EXERCISE PROMPT ::
Only the lines below from the one that contains "So that's where" through the one that contains "Security - Google" should appear in your answer, exact and without pictures.

DATA FOR REVIEW ::
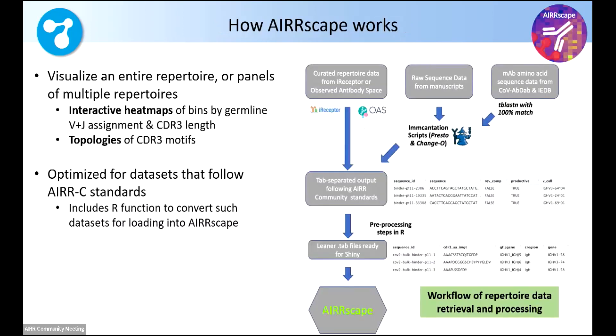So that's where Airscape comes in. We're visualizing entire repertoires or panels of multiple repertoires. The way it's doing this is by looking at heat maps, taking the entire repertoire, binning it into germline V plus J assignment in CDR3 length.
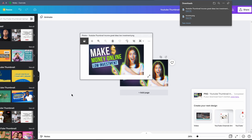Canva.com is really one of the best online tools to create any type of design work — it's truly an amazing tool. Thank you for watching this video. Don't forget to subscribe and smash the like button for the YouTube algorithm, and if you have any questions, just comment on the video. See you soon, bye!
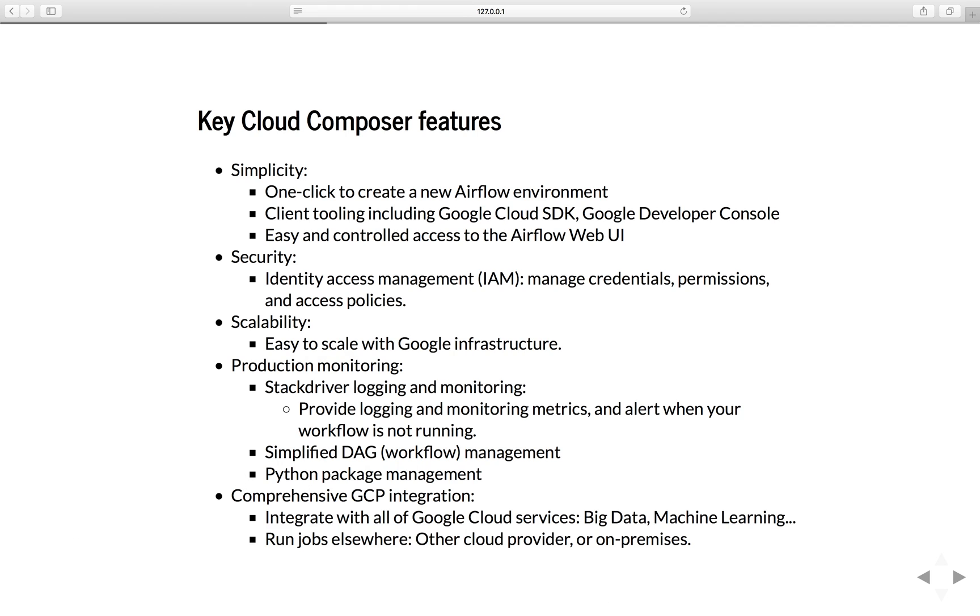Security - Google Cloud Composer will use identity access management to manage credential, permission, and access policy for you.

...

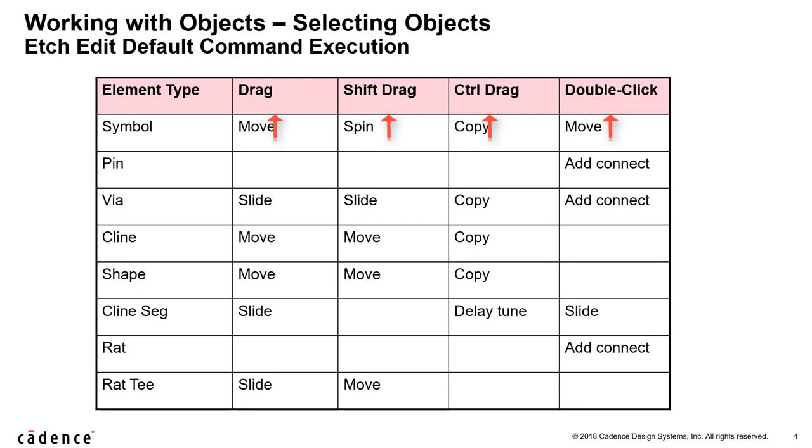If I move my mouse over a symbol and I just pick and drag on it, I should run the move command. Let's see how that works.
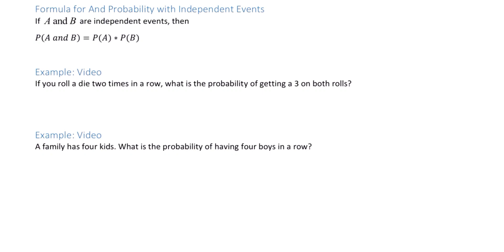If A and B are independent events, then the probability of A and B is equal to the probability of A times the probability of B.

PROBLEM SOLUTION ::
So that's where Airscape comes in. We're visualizing entire repertoires or panels of multiple repertoires. The way it's doing this is by looking at heat maps, taking the entire repertoire, binning it into germline V plus J assignment in CDR3 length.
Canva.com is really one of the best online tools to create any type of design work — it's truly an amazing tool. Thank you for watching this video. Don't forget to subscribe and smash the like button for the YouTube algorithm, and if you have any questions, just comment on the video. See you soon, bye!
Security - Google Cloud Composer will use identity access management to manage credential, permission, and access policy for you.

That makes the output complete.